Shared Detector Parameters

MAD, Z-Score and IQR share one windowed implementation, so every parameter below behaves identically across the three. Manual Bounds supports only input_type (it has no window, so smoothing, weighting and detrending do not apply).

This page is the single reference for those shared parameters. Detector-specific parameters (each detector’s threshold default, min_samples minimums, min_samples_per_group defaults, recommended window_size) live on the individual MAD / Z-Score / IQR / Manual Bounds pages.

The full shared parameter set:

detectors:
- type: mad # same params for zscore and iqr
params:
threshold: 3.0 # detector-specific default (mad 3.0, zscore 3.0, iqr 1.5)
window_size: 100 # trailing window in points (current point excluded)
min_samples: 30 # min valid points in window before detection starts
seasonality_components: null # e.g. ["hour"] or [["hour", "day_of_week"]]
min_samples_per_group: 10 # mad 10, zscore 3, iqr 4 (iqr floor: 4)
input_type: values # values | changes | absolute_changes | log_changes
smoothing: null # null | ema | sma
smoothing_alpha: 0.3 # EMA factor, 0 < alpha <= 1
smoothing_window: 10 # SMA window in points
window_weights: null # null (uniform) | exponential | linear
half_life: null # exponential half-life: int points or "3d"/"12h"; default max(window_size/20, min_samples/2)
weight_decay: null # DEPRECATED alias for half_life
detrend: null # null | linear

All parameters are validated when the detector is constructed at the start of the detect step — a typo like input_type: "diff" fails fast on the first run with a clear error instead of being silently ignored. (Validation happens per run, not when the YAML config is loaded.)

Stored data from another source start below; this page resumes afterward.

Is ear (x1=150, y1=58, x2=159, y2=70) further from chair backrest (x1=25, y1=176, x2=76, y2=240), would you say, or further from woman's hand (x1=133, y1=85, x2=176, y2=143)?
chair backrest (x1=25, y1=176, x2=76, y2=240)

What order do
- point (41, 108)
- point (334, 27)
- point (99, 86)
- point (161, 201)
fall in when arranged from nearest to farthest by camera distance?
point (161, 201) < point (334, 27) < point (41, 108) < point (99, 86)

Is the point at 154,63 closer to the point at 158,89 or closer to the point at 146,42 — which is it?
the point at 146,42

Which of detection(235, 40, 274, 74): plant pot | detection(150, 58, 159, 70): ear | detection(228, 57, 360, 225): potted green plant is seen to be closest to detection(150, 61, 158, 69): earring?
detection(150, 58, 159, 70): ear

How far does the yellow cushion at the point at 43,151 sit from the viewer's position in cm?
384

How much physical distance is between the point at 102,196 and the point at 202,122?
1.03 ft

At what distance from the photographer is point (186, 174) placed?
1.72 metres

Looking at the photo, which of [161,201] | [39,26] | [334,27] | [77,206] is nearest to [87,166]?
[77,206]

Transform input values before detection to detect on changes rather than absolute values.

input_type: "values" (default) — use values as-is.

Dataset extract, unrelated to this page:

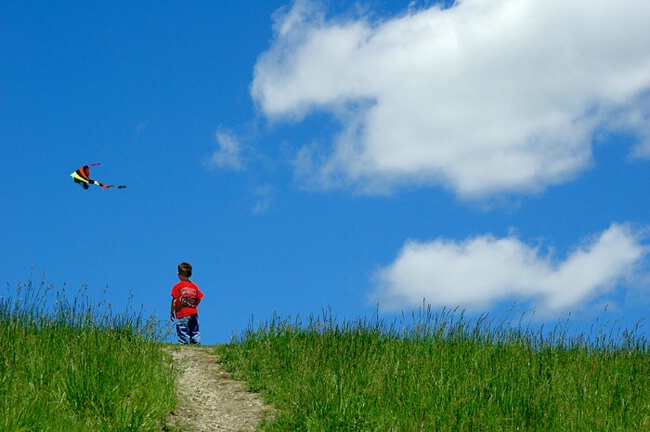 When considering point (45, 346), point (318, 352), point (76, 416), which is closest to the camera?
point (76, 416)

input_type: "absolute_changes" — detect on differences between consecutive points, v[t] - v[t-1]:

detectors:
- type: mad
params:
input_type: "absolute_changes"
threshold: 3.0
Original values: [100, 102, 105, 150, 152]
After absolute_changes: [NaN, 2, 3, 45, 2]
↑ Anomaly detected (spike in change)

input_type: "changes" — detect on relative changes, (v[t] - v[t-1]) / v[t-1]:

detectors:
- type: mad
params:
input_type: "changes"
threshold: 3.0
Original values: [100, 102, 105, 200, 202]
After changes: [NaN, 0.02, 0.029, 0.90, 0.01]
↑ Anomaly detected (90% jump)

input_type: "log_changes" — detect on log-scaled changes, log(v[t] + 1) - log(v[t-1] + 1) (a log1p-style difference). Good for exponential growth: for large values it behaves like a symmetric version of changes (a +100% jump and the −50% drop back have roughly equal magnitude), though the +1 shift makes it only approximately symmetric for percentage moves, especially at small values. Tolerates zeros — values just need to be greater than −1.

Use "values" (default):

  • Absolute values matter (CPU %, memory usage, latency)
  • Thresholds are meaningful (>500ms is bad regardless of trend)
  • Baseline is stable

Use "absolute_changes":

  • Changes matter more than absolute values
  • Sudden jumps/drops are anomalies
  • Examples: error counts increasing rapidly, queue depth changes

Use "changes" or "log_changes":

  • Relative changes matter (revenue, traffic, conversions)
  • Different baselines (10 vs 10,000 — both can have a 50% spike)
  • Growth rates, ratios, percentages

The first point has no previous value, so change transformations mark it as NaN; the detection context automatically includes one extra point to compensate.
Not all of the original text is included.